- Also known as: Ty's Great British Adventure
- Genre: Reality
- Country of origin: United Kingdom
- No. of series: 3
- No. of episodes: 15

Production
- Running time: 60 minutes (first episode) 30 minutes

Original release
- Network: UKTV Style
- Release: 16 September 2008 – 2010

= Ty Pennington's Great British Adventure =

Ty Pennington's Great British Adventure is a British television reality show on Home, produced by UKTV in association with Twofour, featuring Ty Pennington of Extreme Makeover: Home Edition fame.

== Episodes ==

=== Series One ===
Portreath, Cornwall

1 x 60 mins and 4 x 30 mins

Filmed: May 2008, Broadcast: 16 September – 14 October 2008

Pennington attempts to restore the fortunes of a faded seaside resort.

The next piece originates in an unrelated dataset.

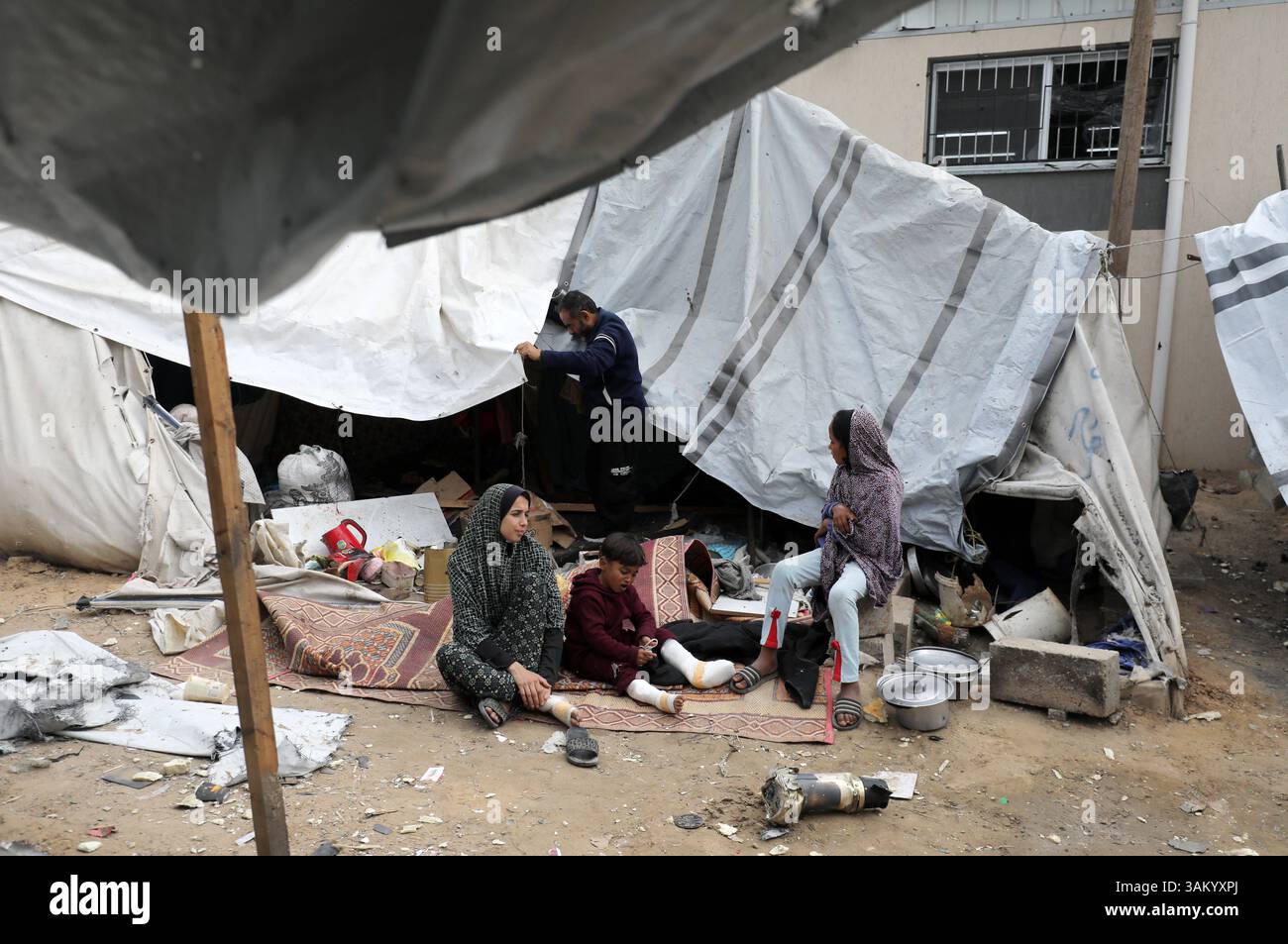A displaced Palestinian family sits next to their tent, which was ...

Note: The 60-minute episode from this series aired in the U.S. on ABC on 7 August 2011.

=== Series Two ===
Portishead Open Air Pool

5 x 30 mins

Filmed: May 2009, Broadcast: 14 September – 12 October 2009

Ty helps the community of Portishead, in North Somerset, to reopen their derelict open air swimming pool as a community Lido. This is now open as Portishead Open Air Pool.

=== Series Three ===
Kiln Green and Castleholm, Langholm, Scotland

5 x 30 mins

Filmed: May 2009, Broadcast Spring 2010

Ty helps a community to build a bandstand, construct a new path, open a tourist centre and put on a music festival.